A Comprehensive Implementation of Proximal Policy Optimization

Introduction

This repository contains the reference implementation of the popular Proximal Policy Optimization (PPO) algorithm and accompanies my Final Master's Project report on the topic:

" Towards Delivering a Coherent Self-Contained Explanation of Proximal Policy Optimization "

While the aforementioned report aims at theoretically explaining the PPO algorithm in a detailed, complete, and comprehensible way, the reference implementation provided in this repository aims at practically illustrating the PPO algorithm in a comprehensible way.

For more information on the background of this work, the reader is referred to the corresponding report (link to be added later).

Setup

For an easy setup, it is recommended to install the requirements inside a virtual environment, e.g. using virtualenvwrapper.

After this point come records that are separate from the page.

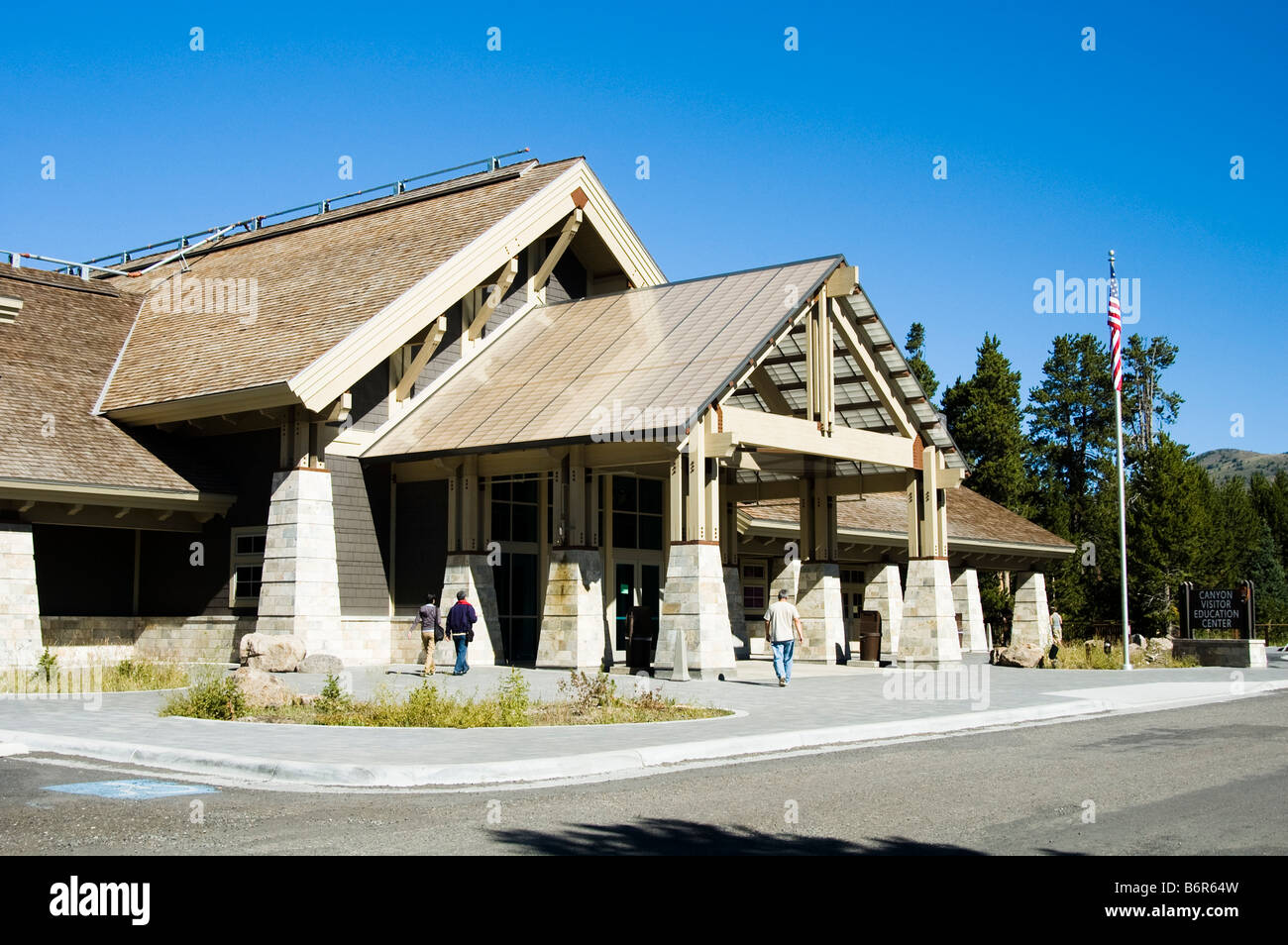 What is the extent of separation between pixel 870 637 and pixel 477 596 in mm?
10135

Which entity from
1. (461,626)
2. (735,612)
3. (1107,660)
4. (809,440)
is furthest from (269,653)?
(1107,660)

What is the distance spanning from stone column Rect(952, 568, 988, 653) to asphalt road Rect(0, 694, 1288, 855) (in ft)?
93.9

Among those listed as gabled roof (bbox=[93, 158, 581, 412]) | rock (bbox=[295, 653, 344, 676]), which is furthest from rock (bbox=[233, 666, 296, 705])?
gabled roof (bbox=[93, 158, 581, 412])

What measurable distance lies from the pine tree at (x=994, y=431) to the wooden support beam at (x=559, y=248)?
95.3ft

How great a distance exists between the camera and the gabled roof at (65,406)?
24219mm

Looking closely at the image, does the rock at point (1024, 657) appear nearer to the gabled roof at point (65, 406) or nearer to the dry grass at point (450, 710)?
the dry grass at point (450, 710)

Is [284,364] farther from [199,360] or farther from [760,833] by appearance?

After having set up and activated some virtual environment, proceed as follows:

  1. Open the terminal
  2. Navigate to the main directory of this repository, i.e. the directory containing the requirements.txt file
  3. Install the requirements using pip as follows: pip install -r requirements.txt

When not using a virtual environment, add the --user flag to the pip command above.

This concludes the setup.

Training an Agent

Training (as well as replaying the behavior of previously trained agents) is initiated via the main.py file. Before training an agent, one has to set up a corresponding configuration file defining the conditions under which training and testing are performed. For convenience, some default configuration files are provided already. They can be found here.
Once, a configuration file is created or selected from the examples, training can be initiated as follows.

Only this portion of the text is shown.